But jealous of our god of dreams,
His common-sense in secret schemes
To rule the heart;
Unable to invent the lyre,
Creates with simulated fire
Official art.
And when he occupies a college,
Truth is replaced by Useful Knowledge;
He pays particular
Attention to Commercial Thought,
Public Relations, Hygiene, Sport,
In his curricula.
Athletic, extrovert and crude,
For him, to work in solitude
Is the offence,
The goal a populous Nirvana:
His shield bears this device: Mens sana
Qui mal y pense.
…
In our morale must lie our strength:
So, that we may behold at length
Routed Apollo’s
Battalions melt away like fog,
Keep well the Hermetic Decalogue,
Which runs as follows:–
Thou shalt not do as the dean pleases,
Thou shalt not write thy doctor’s thesis
On education,
Thou shalt not worship projects nor
Shalt thou or thine bow down before
Administration.
Thou shalt not answer questionnaires
Or quizzes upon World-Affairs,
Nor with compliance
Take any test. Thou shalt not sit
With statisticians nor commit
A social science.
Thou shalt not be on friendly terms
With guys in advertising firms,
Nor speak with such
As read the Bible for its prose,
Nor, above all, make love to those
Who wash too much.
Thou shalt not live within thy means
Nor on plain water and raw greens.
If thou must choose
Between the chances, choose the odd;
Read The New Yorker, trust in God;
And take short views.
W.H. Auden, Under Which Lyre, subtitled A Reactionary Tract for the Times, debuted as a Phi Beta Kappa Poem, Harvard, 1946.

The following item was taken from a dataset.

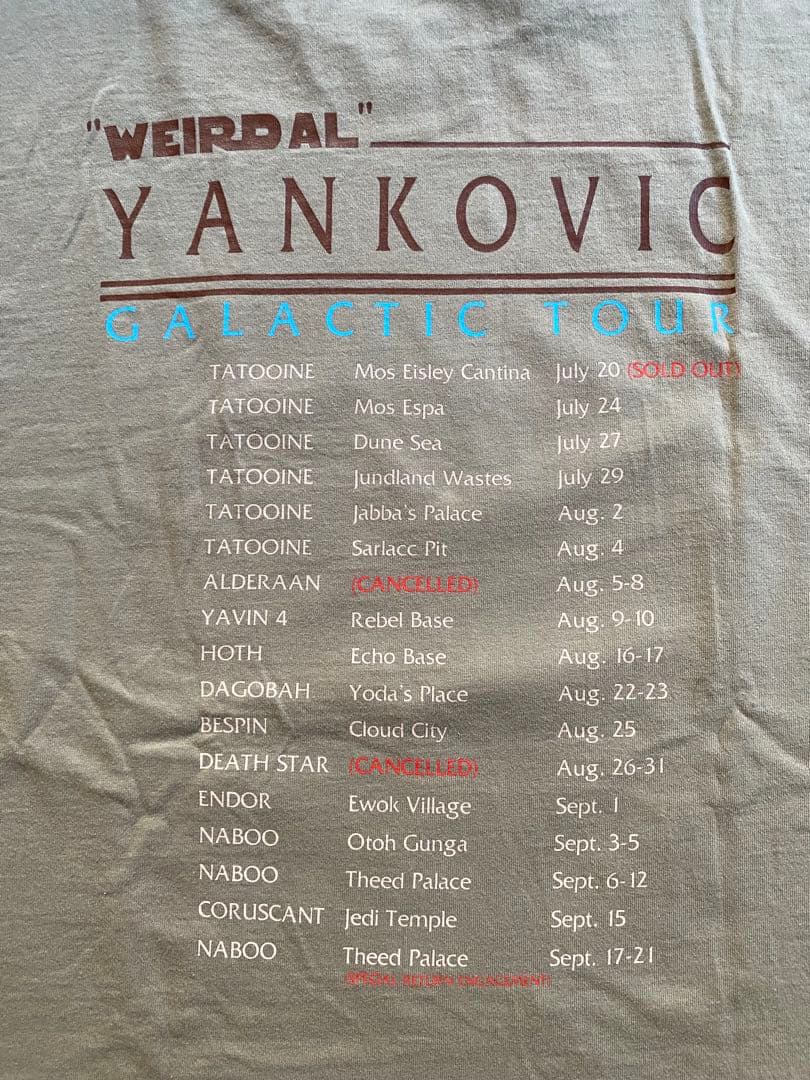 激レア 美品 YANKOVIC ヤンコビック ビンテージ ツアー Tシャツ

During his visit, Auden met James Conant, then the president of Harvard and a man associated with the Apollonian transformation of the modern university, its remaking as a scientific-technical powerhouse with its old religious and humanistic purposes hollowed out. “‘This is the real enemy,’ I thought to myself,” Auden wrote of the encounter. “And I’m sure he had the same impression about me.”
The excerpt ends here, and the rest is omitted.